▶ [Description of the task]: In the records below, find the line that contains "Der schneebedeckte Mount" and the line that contains "トイレ　こちらはトイレです。ピカピカなトイレで、気持ちも良いですね。". Set down exactly those lines and every line between them, and nothing more.

▶ [Recorded data]:
──────────

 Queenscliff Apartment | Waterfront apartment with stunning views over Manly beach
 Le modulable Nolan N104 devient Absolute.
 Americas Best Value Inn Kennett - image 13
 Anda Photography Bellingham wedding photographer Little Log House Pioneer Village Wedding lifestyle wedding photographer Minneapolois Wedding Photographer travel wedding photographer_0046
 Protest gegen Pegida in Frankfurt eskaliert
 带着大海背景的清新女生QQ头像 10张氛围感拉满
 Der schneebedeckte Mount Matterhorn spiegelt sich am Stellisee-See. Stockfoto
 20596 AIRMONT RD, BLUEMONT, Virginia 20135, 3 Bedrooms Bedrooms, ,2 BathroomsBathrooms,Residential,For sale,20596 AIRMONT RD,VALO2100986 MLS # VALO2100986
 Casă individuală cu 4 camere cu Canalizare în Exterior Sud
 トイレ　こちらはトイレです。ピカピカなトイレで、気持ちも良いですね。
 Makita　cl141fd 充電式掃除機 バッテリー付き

──────────

▶ [Written solution]:
 Der schneebedeckte Mount Matterhorn spiegelt sich am Stellisee-See. Stockfoto
 20596 AIRMONT RD, BLUEMONT, Virginia 20135, 3 Bedrooms Bedrooms, ,2 BathroomsBathrooms,Residential,For sale,20596 AIRMONT RD,VALO2100986 MLS # VALO2100986
 Casă individuală cu 4 camere cu Canalizare în Exterior Sud
 トイレ　こちらはトイレです。ピカピカなトイレで、気持ちも良いですね。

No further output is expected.